VANCOUVER -- Thatcher Demko is trying to tamp down growing expectations after his hot December put him into the conversation for the Vezina Trophy.

"We haven't even played half the games yet, so I guess we can just cool it on that a little bit," the Vancouver Canucks goalie said last week. "A lot more games to play and a lot of work to do."
Whether he likes it or not, Demko is being mentioned as a contender for the Vezina, awarded to the best goalie in the NHL each season as voted by the 32 general managers.
He was 7-1-0 with a 1.72 goals-against average, a .946 save percentage and one shutout in December to earn NHL Third Star honors for the month. The 26-year-old hasn't lost since Bruce Boudreau replaced Travis Green as coach Dec. 5, going 7-0-0 with a 1.40 GAA and .955 save percentage; prior to that, he was 8-11-1 with a 2.97 GAA and a .908 save percentage.

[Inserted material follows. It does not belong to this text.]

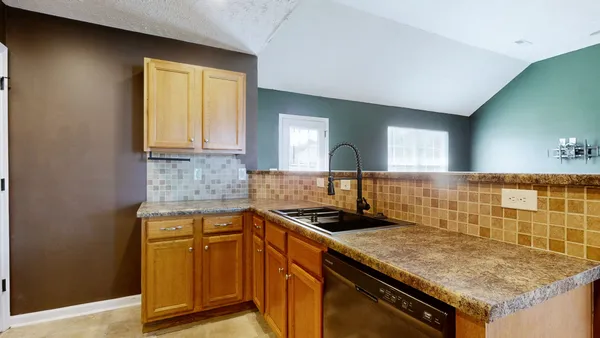 a kitchen with a sink and cabinets
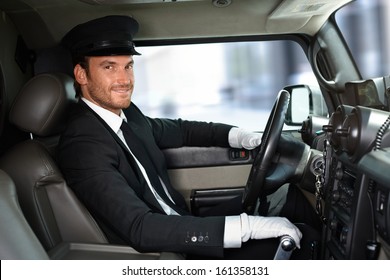 Handsome Smiling Chauffeur Driving Limousine.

"As good I've had at that position ever when I coached," was how Boudreau described Demko and defenseman Quinn Hughes, another key player in Vancouver's turnaround (eight assists, plus-6 in nine games under Boudreau). The Canucks (16-15-3) are 8-0-1 since the coaching change after starting the season 8-15-2. They visit the Florida Panthers on Tuesday (7 p.m. ET; BSFL, SNP, ESPN+, NHL LIVE).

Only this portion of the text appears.